HashMap allows **one null key** and **any number of null values**:

```java
HashMap<String, String> map = new HashMap<>();
map.put(null, "null-key-value");  // ✅ Stored in bucket 0
map.put("key1", null);            // ✅ Null value is fine
map.put("key2", null);            // ✅ Multiple null values OK

map.get(null);   // "null-key-value"
map.get("key1"); // null — but is the key absent or is the value null?

// Use containsKey to distinguish:
map.containsKey("key1"); // true — key exists, value is null
map.containsKey("key3"); // false — key doesn't exist
```

> **Note:** `ConcurrentHashMap` does **not** allow null keys or values. If you're migrating from HashMap to ConcurrentHashMap, this is a common breaking change.

* * *

## Iteration Order — No Guarantees

HashMap makes **no guarantees** about iteration order:

```java
HashMap<String, Integer> map = new HashMap<>();
map.put("Banana", 2);
map.put("Apple", 1);
map.put("Cherry", 3);

for (String key : map.keySet()) {
    System.out.println(key);
}
// Could print in ANY order: Apple, Cherry, Banana
// Order may CHANGE after resizing!
```

If you need ordering, use:

*   `LinkedHashMap` — insertion order (or access order)
    
*   `TreeMap` — sorted by key
    

* * *

## Common Pitfalls

### Pitfall 1: Mutable Keys

```java
// ❌ DANGEROUS: Modifying a key after insertion
List<String> key = new ArrayList<>();
key.add("hello");

map.put(key, "value");

key.add("world");  // hashCode changes!
map.get(key);      // NULL — hash points to wrong bucket now

// The entry still exists in the old bucket, but it's unreachable!
// This is a silent memory leak.
```

> **Rule:** HashMap keys should be **immutable**. Use `String`, `Integer`, enums, or your own immutable classes.
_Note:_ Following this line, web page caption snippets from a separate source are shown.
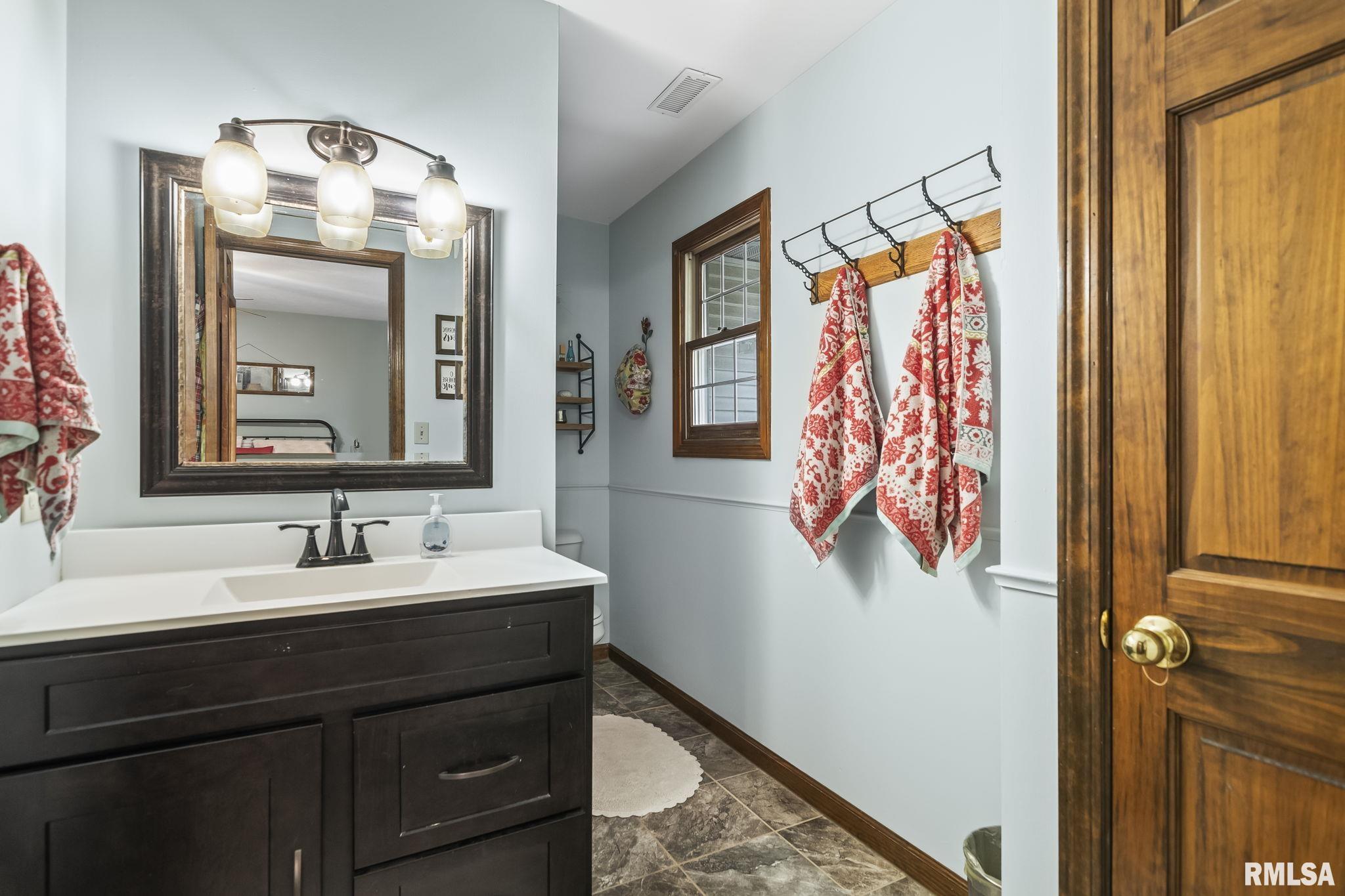218 Vincent Street Springfield, IL 62707 - Photo 38 of 47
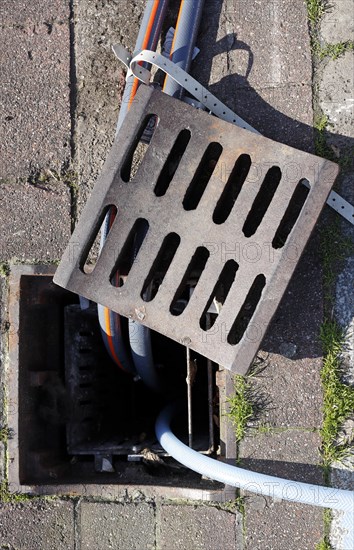 Manhole cover with water hoses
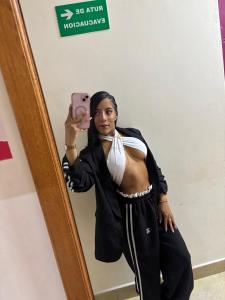 Chica busca chico en Barcelona: Chica busca chico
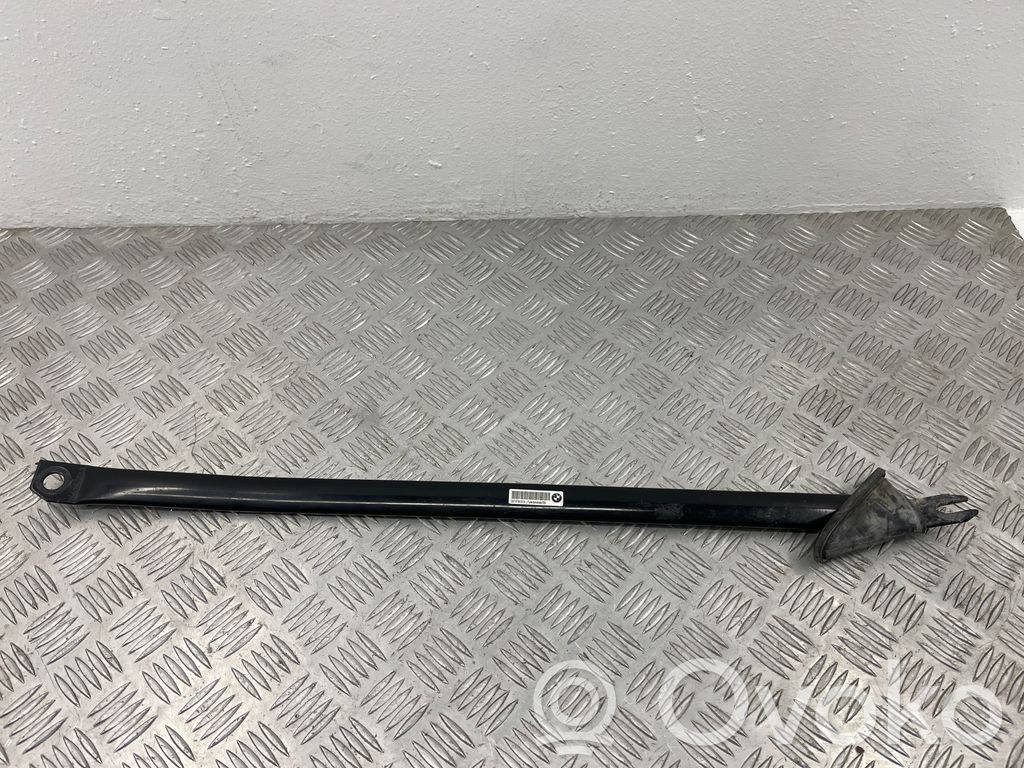 BMW 1 E81 E87 Other engine bay part 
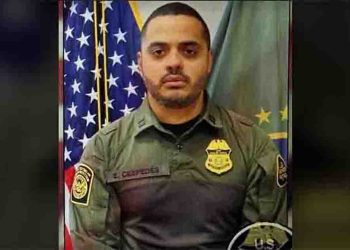 Muere agente al rescatar a sus hijos, “siempre lo recordaremos como a un héroe”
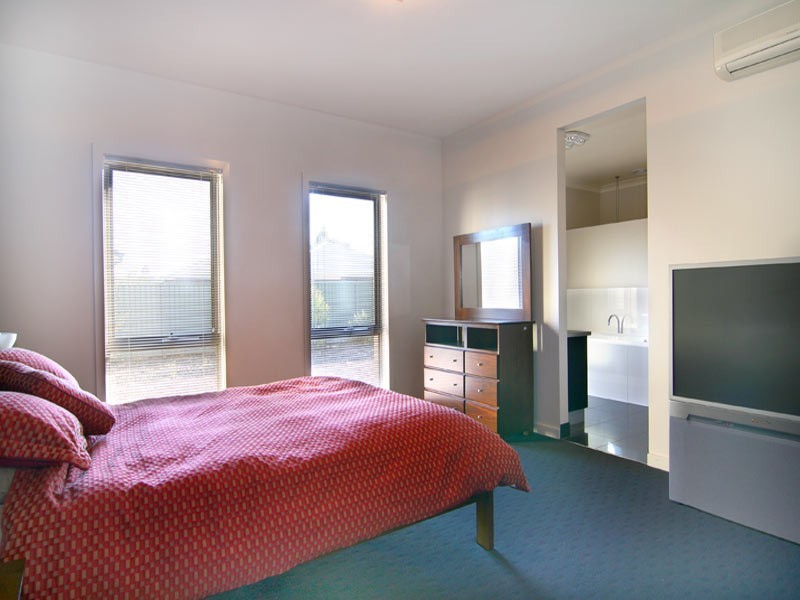 10 Shetland Drive, Junortoun VIC 3551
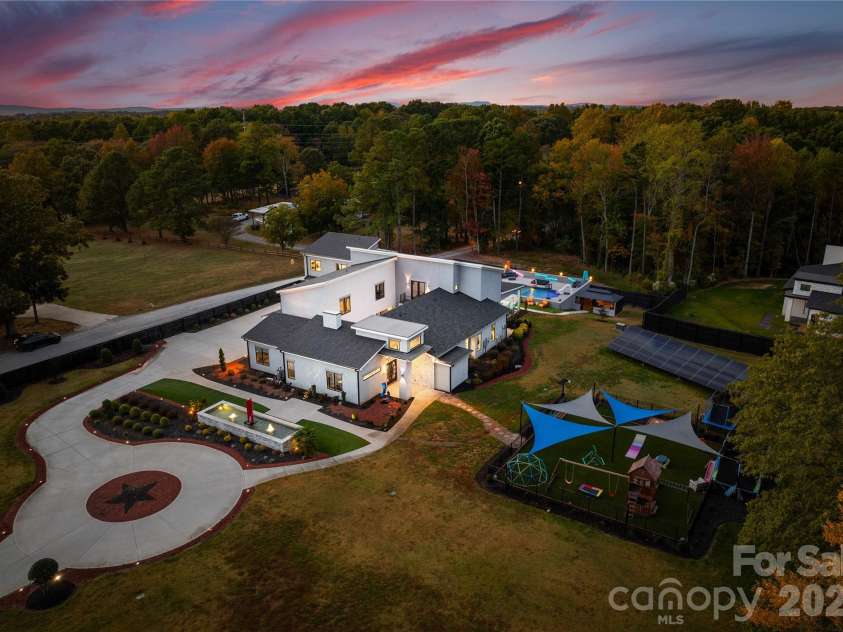 15700 Youngblood Road, Charlotte, NC 28278.  MLS# CAR4317068, YatesRealty ID 2259. 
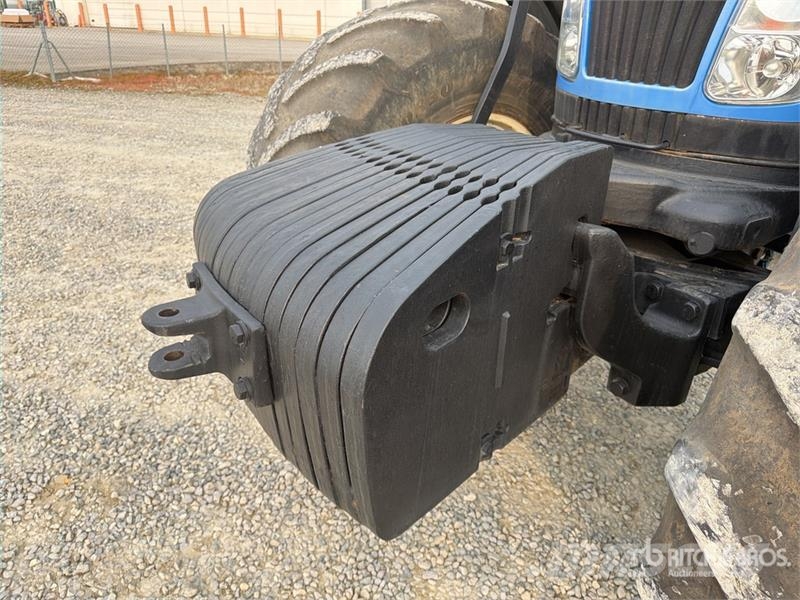 New Holland TG285 4WD Tractor 曳引機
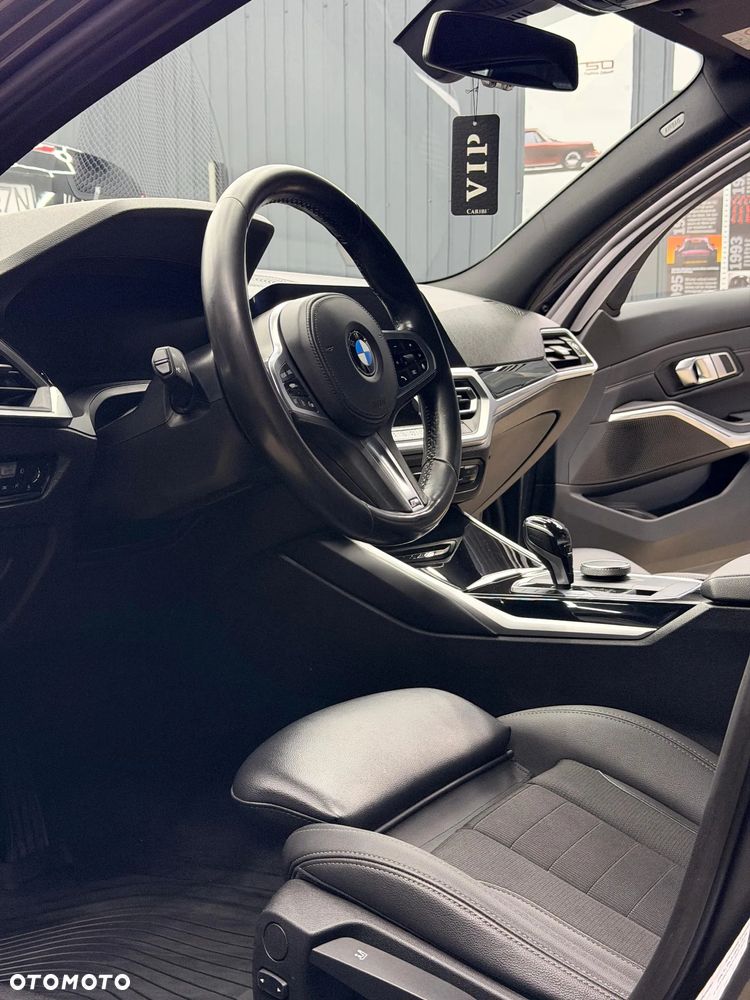 BMW Seria 3 320d Sport Line Shadow - 12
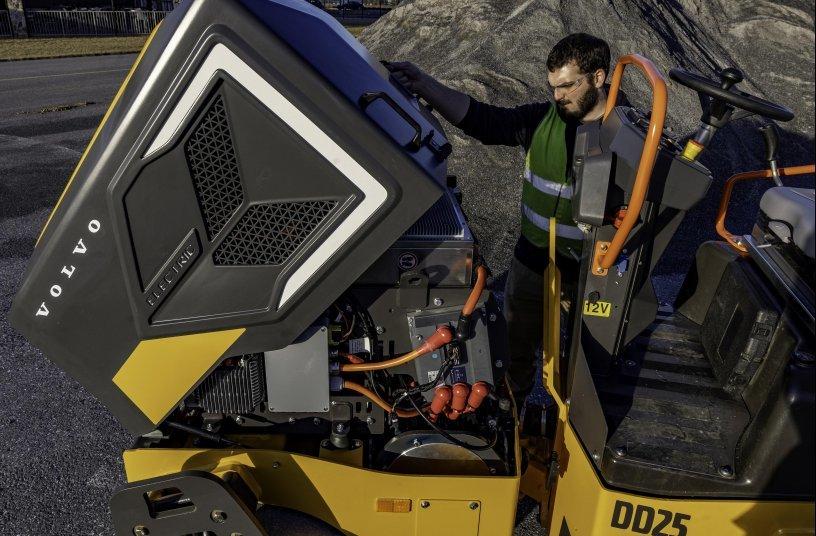 Volvo ce introduces first electric machine for road segment 03 36a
### Pitfall 2: Not Sizing Properly

```java
// ❌ BAD: Will resize multiple times
HashMap<String, Integer> map = new HashMap<>(); // capacity=16, threshold=12
for (int i = 0; i < 10_000; i++) {
    map.put("key-" + i, i);  // Resizes at 12, 24, 48, 96, 192, 384, ...
}
// That's ~13 resizes, each copying ALL entries!

// ✅ GOOD: Pre-size to avoid resizing
HashMap<String, Integer> map = new HashMap<>(14_000); // (10000 / 0.75) + 1
```

### Pitfall 3: Using HashMap with Multiple Threads

```java
// ❌ NEVER DO THIS — HashMap is NOT thread-safe
// Two threads calling put() simultaneously can corrupt the internal structure:
// - Infinite loops (pre-Java 8)
// - Lost updates
// - Corrupted chains

// ✅ Use ConcurrentHashMap instead
ConcurrentHashMap<String, Integer> safeMap = new ConcurrentHashMap<>();
```

* * *

## Summary

![](https://cdn.hashnode.com/uploads/covers/637f189ed7d9bcd845996b4b/9cf8a1ec-8811-425b-8cfb-8aa6b251699b.png align="center")

**The one-liner:** HashMap is an array of buckets with separate chaining, auto-resizing at 75% capacity, treeified chains for collision safety, and O(1) average performance — but it demands immutable keys with correct `hashCode()`/`equals()`.